En cause d'appel, aucune des parties ne conteste la qualification de clause pénale de cette stipulation justement retenue par le tribunal dès lors qu'outre son caractère comminatoire elle évalue forfaitairement et par avance l'indemnité due en cas d'inexécution de l'obligation contractée.

Mais, tandis que les sociétés intimées poursuivent la confirmation du jugement au montant retenu - observant que la minoration opérée, qu'elles évaluent à 74,36% du montant de la clause convenue, est 'd'ores et déjà considérable' - la SCI et son liquidateur, à qui il appartient de rapporter la preuve du caractère manifestement excessif de la sanction au regard du préjudice subi par leurs adversaires, en poursuivent la minoration à la somme de un euro.

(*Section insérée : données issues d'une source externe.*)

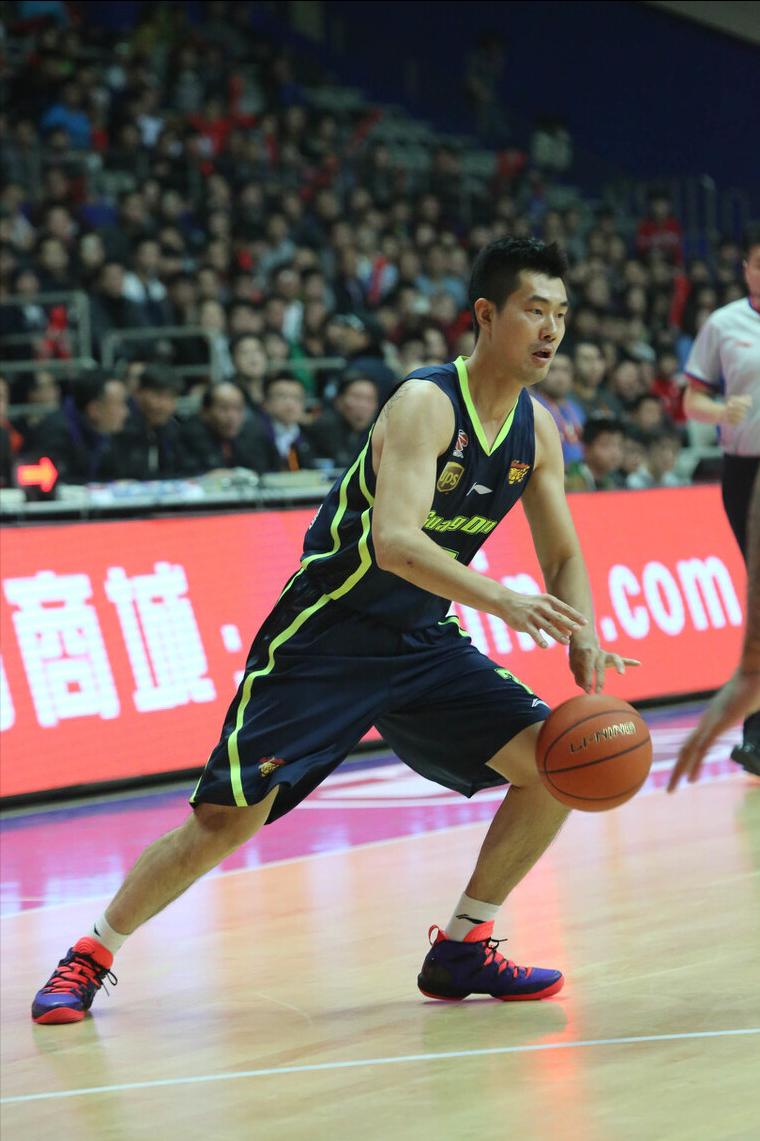 cba球星十大美女老婆,郭艾伦的历任女友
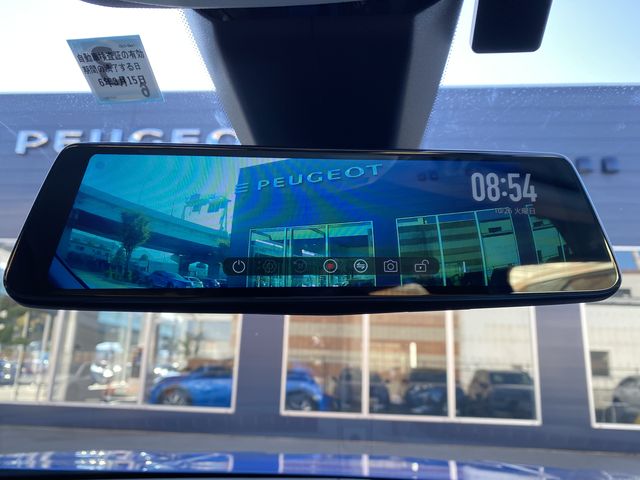 ドライブレコーダー付きディスプレイミラーのご紹介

Citant diverses jurisprudences de cours d'appel et se prévalant de leur bonne foi, les appelantes approuvent le tribunal en ce qu'il a jugé que, sans légitimité, 'par leur attitude, les crédit-bailleresses ont occasionné une perte de chance d'atténuer leur propre préjudice, qui pénalise d'autant le crédit-preneur par ricochet' et, par ailleurs, en ce qu'il a tenu compte des échéances du contrat de crédit-bail par elle versées durant plus de huit années.

Eu égard, estiment-elles, aux données factuelles prises en considération par les premiers juges mais aussi aux éléments nouveaux apparus en cause d'appel, elles affirment que les crédit-bailleresses n'ont subi aucun préjudice.

Elles tirent tout particulièrement argument du prix de revente de l'immeuble en septembre 2022, pour une somme de 4.200.000 euros, que les sociétés intimées ont perçue grâce aux efforts considérables gracieusement déployés par le gérant de la SCI du [Adresse 8] qui avait reçu un mandat simple de négociation en décembre 2021 (avant que, de mauvaise foi, celui-ci ne lui soit dénié) ou aux frais de conservation de l'immeuble que la SCI a exclusivement engagés durant la période d'observation (frais de surveillance, de gardiennage, d'entretien des lieux, de location de bennes pour les sécuriser, tous attestés par des factures).

Elles en concluent qu'est justifiée leur demande de minoration de cette clause pénale à un euro sur le fondement de l'article 1231-5 (ancien article 1152) du code civil.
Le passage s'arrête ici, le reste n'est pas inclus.